[Opening EXTRACTED DATA section]

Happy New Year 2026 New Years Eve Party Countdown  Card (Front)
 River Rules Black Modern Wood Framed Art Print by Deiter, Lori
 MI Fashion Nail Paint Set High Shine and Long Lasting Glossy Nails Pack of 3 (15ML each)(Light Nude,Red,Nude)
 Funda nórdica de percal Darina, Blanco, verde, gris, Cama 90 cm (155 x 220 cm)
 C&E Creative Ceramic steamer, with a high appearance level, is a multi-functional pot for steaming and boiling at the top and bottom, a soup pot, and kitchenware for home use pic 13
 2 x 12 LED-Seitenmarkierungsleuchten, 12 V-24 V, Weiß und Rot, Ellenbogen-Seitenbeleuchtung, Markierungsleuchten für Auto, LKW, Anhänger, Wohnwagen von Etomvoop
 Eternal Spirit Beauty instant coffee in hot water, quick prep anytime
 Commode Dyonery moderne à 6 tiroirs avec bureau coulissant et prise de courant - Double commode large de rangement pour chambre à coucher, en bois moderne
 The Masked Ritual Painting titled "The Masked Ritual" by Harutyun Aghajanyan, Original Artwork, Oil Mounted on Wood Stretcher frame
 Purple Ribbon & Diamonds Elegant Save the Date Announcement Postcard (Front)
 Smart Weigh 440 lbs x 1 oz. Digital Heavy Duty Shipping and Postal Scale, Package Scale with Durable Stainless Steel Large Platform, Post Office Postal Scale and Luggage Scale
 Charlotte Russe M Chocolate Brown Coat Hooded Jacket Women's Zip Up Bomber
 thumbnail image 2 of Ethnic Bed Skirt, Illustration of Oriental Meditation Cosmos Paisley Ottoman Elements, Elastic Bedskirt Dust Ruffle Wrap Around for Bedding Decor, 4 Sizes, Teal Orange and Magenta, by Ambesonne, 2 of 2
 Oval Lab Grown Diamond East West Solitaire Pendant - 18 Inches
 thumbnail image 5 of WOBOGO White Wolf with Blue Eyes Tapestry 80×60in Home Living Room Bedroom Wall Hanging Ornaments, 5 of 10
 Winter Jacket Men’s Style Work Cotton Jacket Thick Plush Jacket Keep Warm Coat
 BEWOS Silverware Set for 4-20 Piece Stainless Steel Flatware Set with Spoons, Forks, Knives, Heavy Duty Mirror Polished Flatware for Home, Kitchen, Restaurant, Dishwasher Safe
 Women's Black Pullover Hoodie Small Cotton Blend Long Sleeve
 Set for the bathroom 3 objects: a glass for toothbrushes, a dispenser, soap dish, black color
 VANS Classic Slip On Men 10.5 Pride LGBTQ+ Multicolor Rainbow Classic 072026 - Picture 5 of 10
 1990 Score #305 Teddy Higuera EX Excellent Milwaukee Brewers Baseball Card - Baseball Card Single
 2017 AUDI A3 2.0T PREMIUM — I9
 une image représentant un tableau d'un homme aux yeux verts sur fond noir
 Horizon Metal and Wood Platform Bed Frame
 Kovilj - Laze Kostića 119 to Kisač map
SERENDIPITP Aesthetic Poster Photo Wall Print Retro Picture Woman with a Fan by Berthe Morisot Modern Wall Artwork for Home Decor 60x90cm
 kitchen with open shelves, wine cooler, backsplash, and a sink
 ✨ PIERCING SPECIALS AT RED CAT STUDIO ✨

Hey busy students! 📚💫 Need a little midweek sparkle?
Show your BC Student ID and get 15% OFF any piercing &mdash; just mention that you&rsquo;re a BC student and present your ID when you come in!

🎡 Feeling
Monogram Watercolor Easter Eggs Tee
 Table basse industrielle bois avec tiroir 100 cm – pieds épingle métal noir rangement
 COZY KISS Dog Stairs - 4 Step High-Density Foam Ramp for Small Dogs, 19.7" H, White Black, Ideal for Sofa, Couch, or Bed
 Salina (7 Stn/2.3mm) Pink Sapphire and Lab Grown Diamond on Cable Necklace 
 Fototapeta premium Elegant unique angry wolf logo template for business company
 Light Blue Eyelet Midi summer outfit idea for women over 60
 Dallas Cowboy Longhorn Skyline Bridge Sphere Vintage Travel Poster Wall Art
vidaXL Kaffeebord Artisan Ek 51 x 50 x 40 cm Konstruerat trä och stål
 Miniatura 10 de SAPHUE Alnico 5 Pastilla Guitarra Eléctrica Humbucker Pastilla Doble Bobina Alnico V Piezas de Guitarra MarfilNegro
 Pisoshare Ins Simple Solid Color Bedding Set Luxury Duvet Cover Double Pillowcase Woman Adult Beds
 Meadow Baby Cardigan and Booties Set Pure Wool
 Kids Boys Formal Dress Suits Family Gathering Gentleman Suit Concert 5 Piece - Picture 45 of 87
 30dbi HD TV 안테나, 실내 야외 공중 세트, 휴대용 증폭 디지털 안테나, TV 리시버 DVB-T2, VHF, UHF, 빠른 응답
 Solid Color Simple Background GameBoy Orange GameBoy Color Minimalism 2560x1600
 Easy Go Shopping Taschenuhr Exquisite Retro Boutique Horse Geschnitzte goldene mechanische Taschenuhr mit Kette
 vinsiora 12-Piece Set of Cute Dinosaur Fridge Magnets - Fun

[Closing EXTRACTED DATA section]

WORK REQUIRED >> Lines above with "Wall" in them are the ones to copy.

COMPLETED EXERCISE >>
 thumbnail image 5 of WOBOGO White Wolf with Blue Eyes Tapestry 80×60in Home Living Room Bedroom Wall Hanging Ornaments, 5 of 10
SERENDIPITP Aesthetic Poster Photo Wall Print Retro Picture Woman with a Fan by Berthe Morisot Modern Wall Artwork for Home Decor 60x90cm
 Dallas Cowboy Longhorn Skyline Bridge Sphere Vintage Travel Poster Wall Art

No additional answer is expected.